Many vendors use the term Cluster for simple fail-over or hot stand-by configurations. The CommuniGate Pro software can be used in fail-over, as well as in Distributed Domains configurations, however these configurations are not referred to as Cluster configurations.

A CommuniGate Pro Cluster is a set of Server computers that handle the site mail load together. Each Cluster Server hosts a set of regular, non-shared domains (the CommuniGate Pro Main Domain is always a non-shared one), and it also serves (together with other Cluster Servers) a set of Shared Domains.

To use CommuniGate Pro servers in a Cluster, you need a special CommuniGate Pro Cluster License.

Please read the Scalability section first to learn how to estimate your Server load, and how to get most out of each CommuniGate Pro Server running in the Single-server or in the Cluster mode.

Cluster Types

There are two main types of Cluster configurations: Static and Dynamic.

Each Account in a Shared Domain served with a Static Cluster is created (hosted) on a certain Server, and only that Server can access the account data directly. When a Static Cluster Server needs to perform any operation with an account hosted on a different Server, it establishes a TCP/IP connection with the account Host Server and accesses account data via that Host Server.
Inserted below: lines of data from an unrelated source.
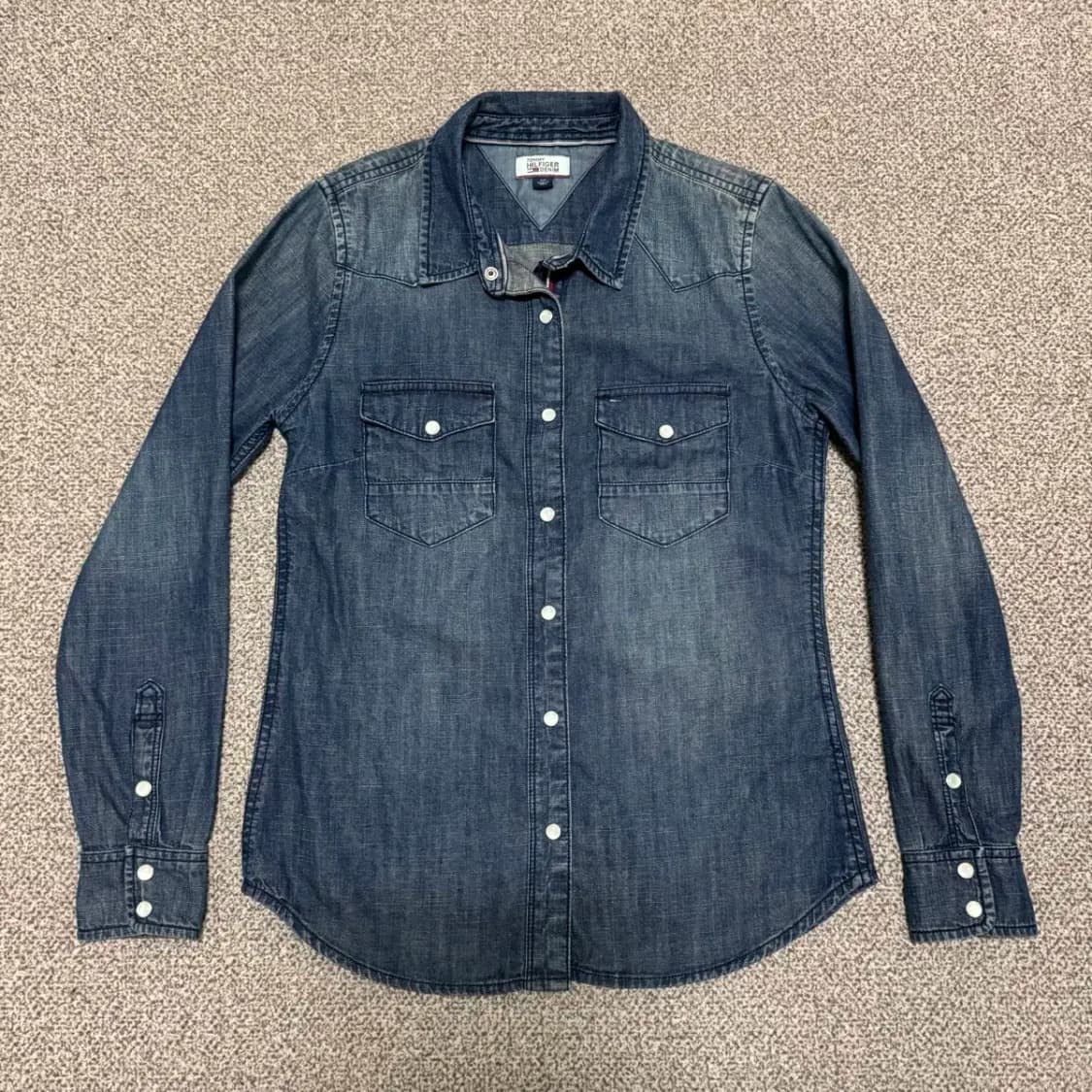 S 타미힐피거 데님 셔츠 여성 상품이미지1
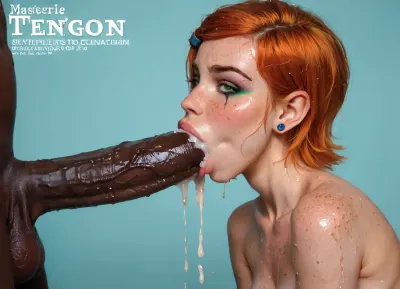 score_6, Gwen Tennyson, full body, (deepest irrumation deepthroat), bright teal eyes, naked, eye makeup, blushing, face, Orange hair open mouth, perfect skin, wet shiny skin, sweaty oiled skin, beautiful face, horny, blush, freckles, full lips, thick lips, glossy lips, attractive face, shy smile, young beautiful girl, pale skin, flat chest, (detail very large nipple ring:1.2), lean body, Hinata waist, wide hips, exposed breasts, pink puffy pussy and labia, gape pussy, dark teal gradient background, hdr, photographic, ultra realistic, anatomically correct, ultra high details, looking at viewer, dynamic pose, at the pool, side view, magazine cover, best quality, ultra-detailed, masterpiece, finely detail, highres, 8k wallpaper, intricate, highly detailed, insanely detailed, best lighting, perfect illumination, (best illumination), (best shadow, best shadows), ((ultra-detailed)), (intricate details:.6), professional photography, photo-realism, award winning photography, dslr, hyperrealistic, 35 mm, (Fujifilm XT3, analog style, professional DSLR photo, film grain:.8), 8k high definition, Great Composition, highly complex, (intricate detail:1.2), Ensure ultra-high-detail, photorealism, and crystal clear 32k resolution for a true masterpiece, hdri light, realistic lighting, ultra high resolution, clear focus, depth of field, 32k, 30 mm lens, 1/250 s, f/2.8, ISO 300, UHD 8K, high resolution face, perfect anatomic body, perfect waist, extremely beautiful face, interracial deepthroat, hyper interracial gigantic black cock, (oral creampie:1.3), colossal dick, worried expression, extreme African hyper cock, by size of cock, massive gigantic giant black cock, holding her by the hair, pulling her head back, wide eyes, smeared makeup, hand around her neck, gasping, (((hyper large cock in mouth:1.3))), oral cream pie, swollen black veiny cock, proper physics, proper anatomy, eyes closed, tongue out, (forceful penetrations), extre, gwen, tennyson, (/Ben10), /, (ultra, HD, quality, details), bright, orange, hair, short, (green, eyes), <lora:add-detail-xl:.8>, <lora:Gwen Tennyson (Ben10) - XL SCXL V1.0:.8>
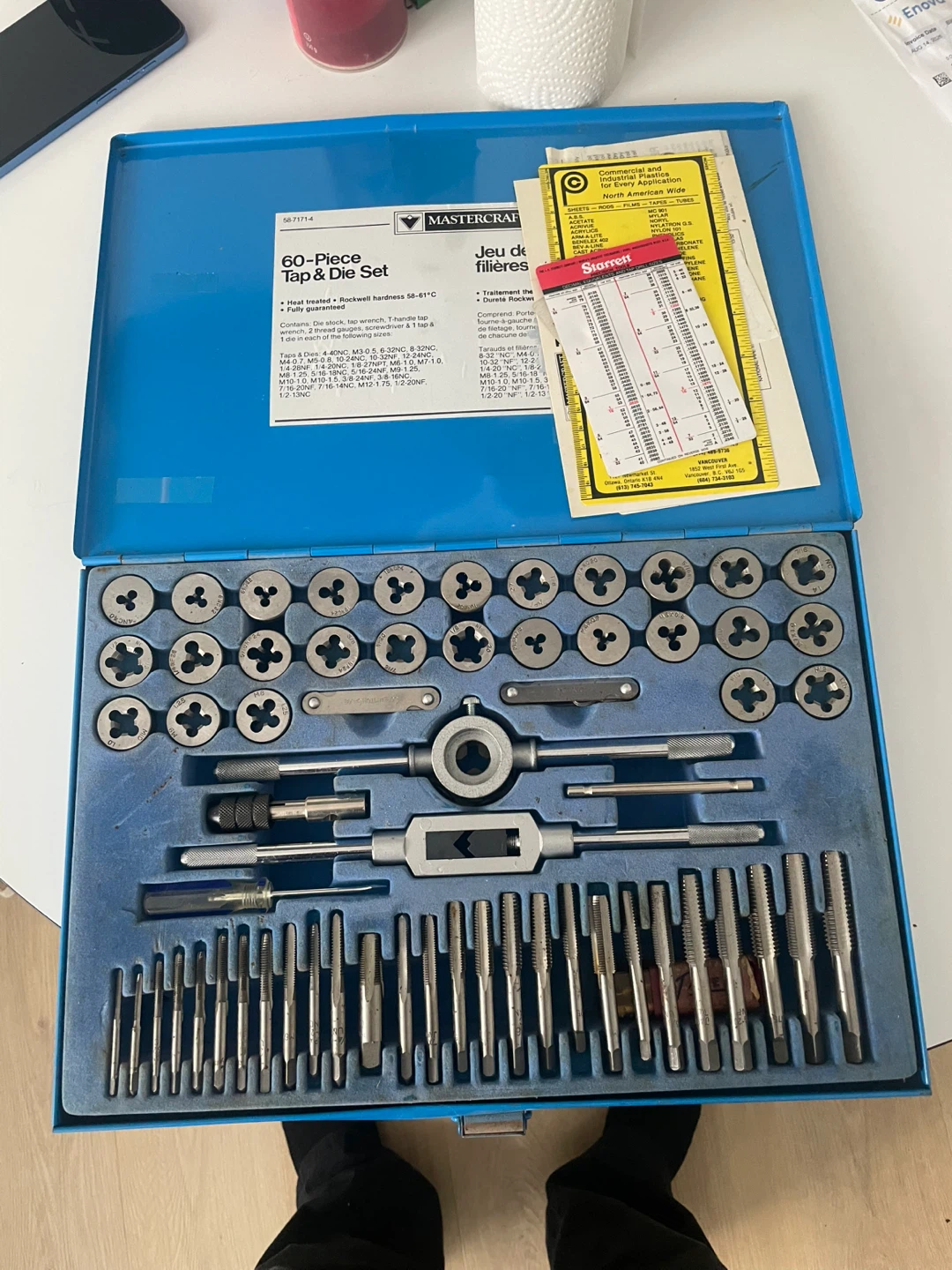 Mastercraft 60-Piece Tap & Die Set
This architecture allows you to use local (i.e. non-shared) storage devices for account data.

Note: some vendors have "Mail Multiplexor"-type products. Those products usually implement a subset of Static Cluster Frontend functionality.
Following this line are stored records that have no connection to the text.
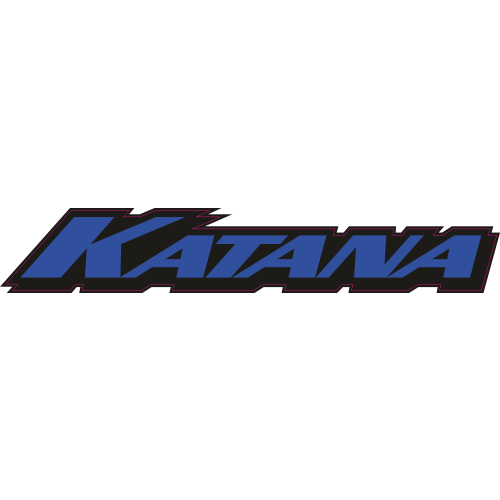 Autocollant Suzuki Katana Bleu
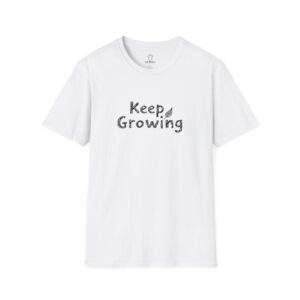 Ink Pulse Print - Inspirational T-Shirt - Keep Growing. (Produced in Australia)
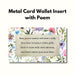 Pocket Comfort Bear and Wallet Card Poem - Get Well Soon Gift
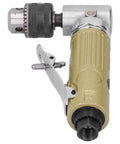 Powerful 25000 RPM Air Drill For Heavy Duty Tapping And Drilling In Auto Furniture And Hardware Maintenance With Rust Proof Coat, showcasing trigger and chuck.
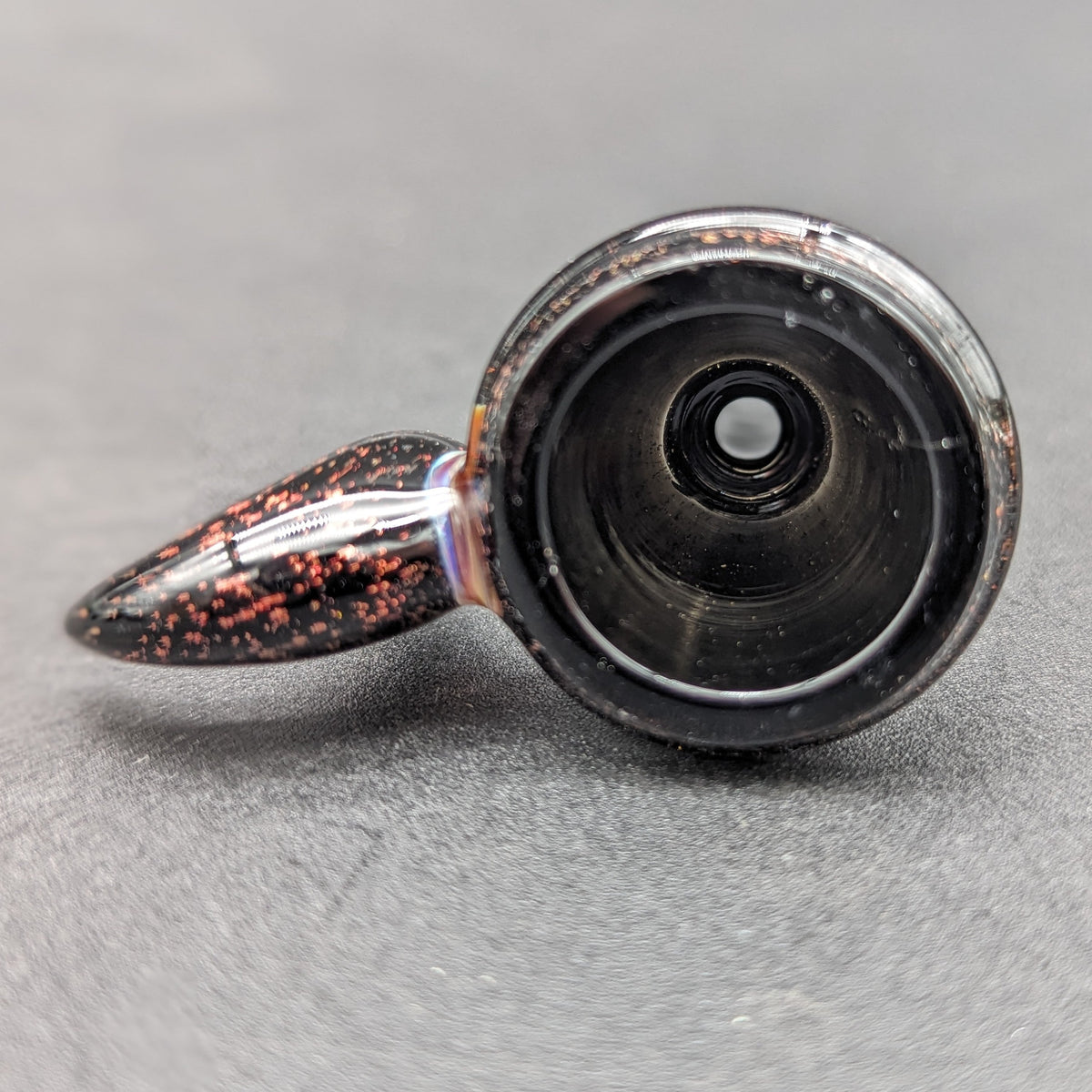 Dichroic Moon Handle Glass Bowls 14mm-Avernic Smoke Shop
Accounts in Shared Domains served with a Dynamic Cluster are stored on a shared storage, so each Cluster Server (except for Frontend Servers, see below) can access the account data directly. At any given moment, one of the Cluster Servers acts as a Cluster Controller synchronizing access to Accounts in Shared Domains. When a Dynamic Cluster Server needs to perform any operation with an account currently opened on a different Server, it establishes a TCP/IP connection with that "current host" Server and accesses account data via that Server. This architecture provides the highest availability (all accounts can be accessed as long as at least one Server is running), and does not require file-locking operations on the storage device.

Supported Services

The CommuniGate Pro Clustering features support the following services:

SMTP mail receiving
SMTP mail delivery
SIP signaling
XIMSS access
WebUser Interface access
XMPP signaling
POP3 access
IMAP access
FTP
RADIUS
TFTP
HTTP access to File Storage (including uploading)
ACAP access
PWD access and remote administration
CG/PL inter-task communication
HTTP request to external servers
RPOP polling
Remote SIP Registrations

Frontend Servers

Clusters of both types are usually equipped with Frontend Servers. Frontend Servers cannot access Account data directly - they always open connections to other (Backend) Servers to perform any operation with Account data.
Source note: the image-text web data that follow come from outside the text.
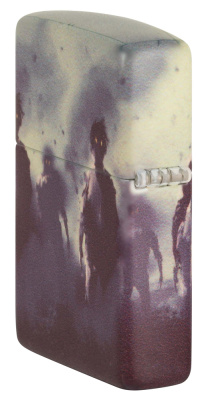 Зажигалка ZIPPO Зомби с матовым покрытием на 540 | Zombie Design 540 Matte, латунь/сталь, белая, матовая, 38x13x57 мм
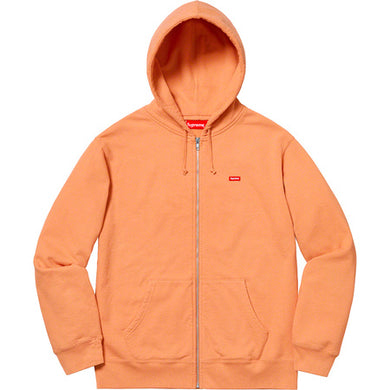 Supreme Small Box Zip Up Sweatshirt Pale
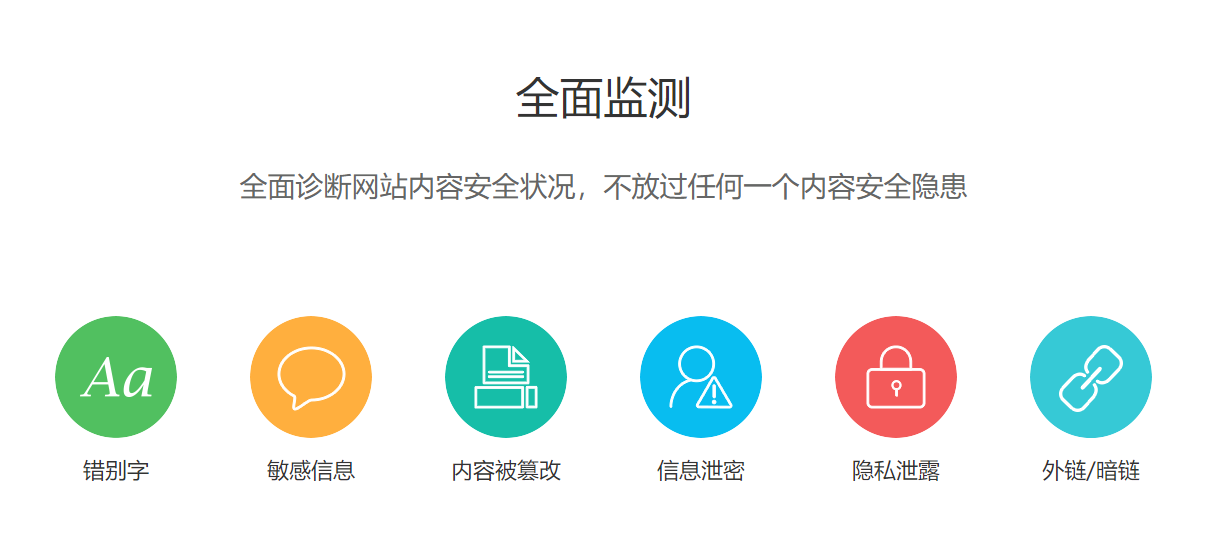 开普云-内容安全监测服务的功能截图
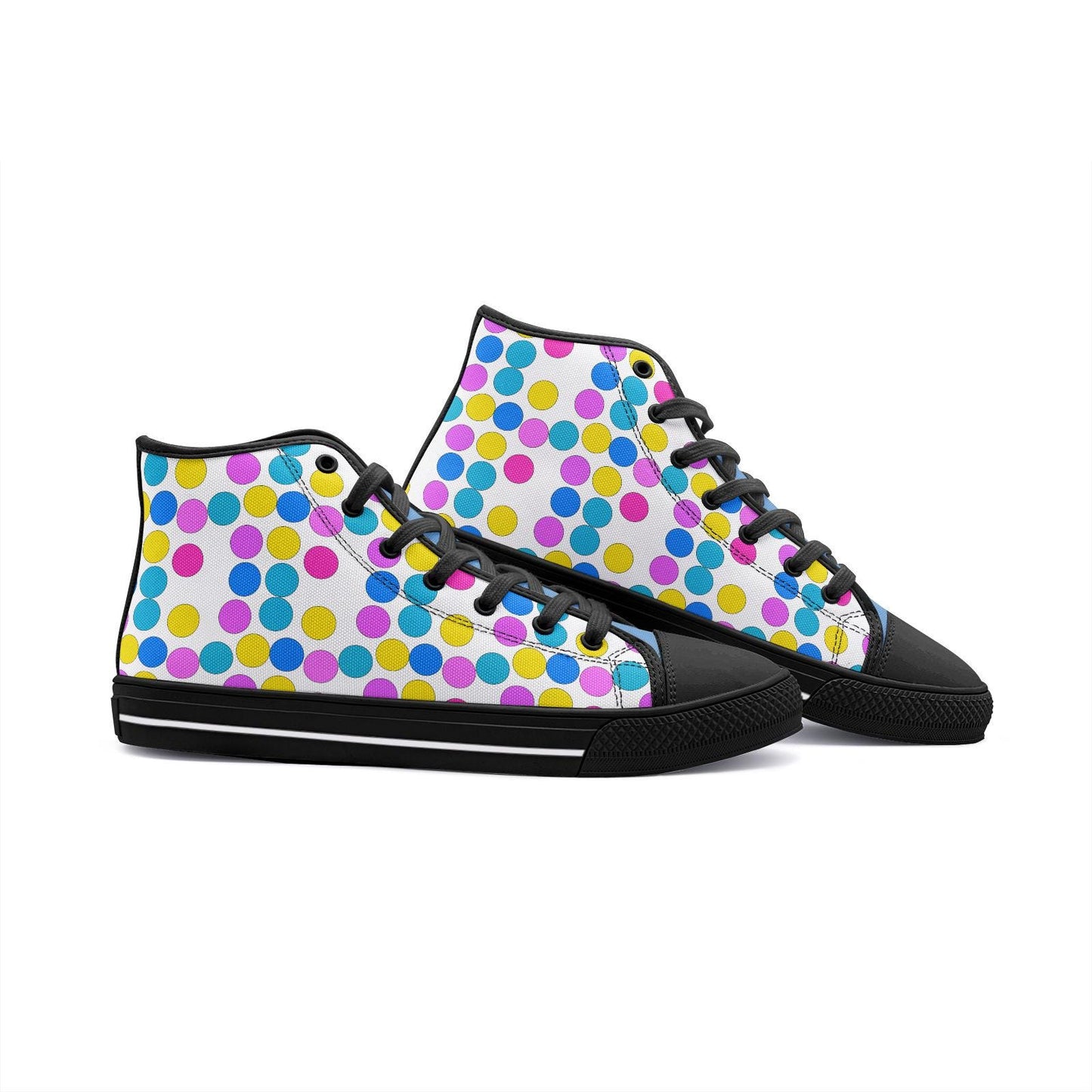 Colorful High Top Sneakers Unisex High Top Canvas Shoes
Frontend servers accept TCP/IP connections from client computers (usually - from the Internet). In a pure Frontend-Backend configuration no Accounts are created on any Frontend Server, but nothing prohibits you from serving some Domains (with Accounts and mailing lists) directly on the Frontend servers.

When a client establishes a connection with one of the Frontend Servers and sends the authentication information (the Account name), the Frontend server detects on which Backend server the addressed Account can be opened, and establishes a connection with that Backend Server.

The Frontend Servers:

handle all SSL/TLS encryption/decryption operations
implement SIP Farm functionality, and most of SIP protocol features, including NAT Traversal
handle most of the SMTP relaying operations themselves
run Real-Time CG/PL applications and Media Server Channels
virtually eliminate inter-server communications between Backend Servers, and (in Dynamic Clusters) provide second-level load balancing
provide an additional layer of protection against Internet attacks and allow you to avoid exposing Backend Servers to the Internet
smooth out the external traffic (soften peaks in the site load), and protect the Backend Servers from the Denial-of-Service attacks
execute outgoing HTTP requests.
execute outgoing Remote SIP Registration tasks.
execute outgoing Remote POP (RPOP) polling sessions.

If the Frontend Servers are directly exposed to the Internet, and the security of a Frontend Server operating system is compromised so that someone gets unauthorized access to that Server OS, the security of the site is not totally compromised. Frontend Servers do not keep any Account information (Mailboxes, passwords) on their disks. The "cracker" would then have to go through the firewall and break the security of the Backend Server OS in order to get access to any Account information. Since the network between Frontend and Backend Servers can be disabled for all types of communications except the CommuniGate Pro inter-server communications, breaking the Backend Server OS is virtually impossible.

Both Static and Dynamic Clusters can work without dedicated Frontend Servers This is called a symmetric configuration, where each Cluster Server implements both Frontend and Backend functions.

In the example below, the domain1.dom and domain2.dom Domain Accounts are distributed between three Static Cluster Servers, and each Server accepts incoming connections for these Domains. If the Server SV1 receives a connection for the Account kate@domain1.dom located on the Server SV2, the Server SV1 starts to operate as a Frontend Server, connecting to the Server SV2 as the Backend Server hosting the addressed Account.
At the same time, an external connection established with the server SV2 can request access to the ada@domain1.dom Account located on the Server SV1. The Server SV2 acting as a Frontend Server will open a connection to the Server SV1 and will use it as the Backend Server hosting the addressed Account.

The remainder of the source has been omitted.